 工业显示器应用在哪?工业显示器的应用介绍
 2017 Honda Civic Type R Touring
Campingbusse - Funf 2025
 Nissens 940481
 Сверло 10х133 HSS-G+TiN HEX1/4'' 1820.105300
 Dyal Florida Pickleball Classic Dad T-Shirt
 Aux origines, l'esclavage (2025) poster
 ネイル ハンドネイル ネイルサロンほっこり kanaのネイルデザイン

---

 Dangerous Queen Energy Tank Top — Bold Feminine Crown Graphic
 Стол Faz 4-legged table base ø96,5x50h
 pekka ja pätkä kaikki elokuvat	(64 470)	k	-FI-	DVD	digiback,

Problem to work on ▸
Keeping every character as it is, restate the lines above that run from the line with "Dyal Florida Pickleball Classic Dad T-Shirt" through the line with "ネイル ハンドネイル ネイルサロンほっこり kanaのネイルデザイン", both included, and nothing else.

Completed task ▸
 Dyal Florida Pickleball Classic Dad T-Shirt
 Aux origines, l'esclavage (2025) poster
 ネイル ハンドネイル ネイルサロンほっこり kanaのネイルデザイン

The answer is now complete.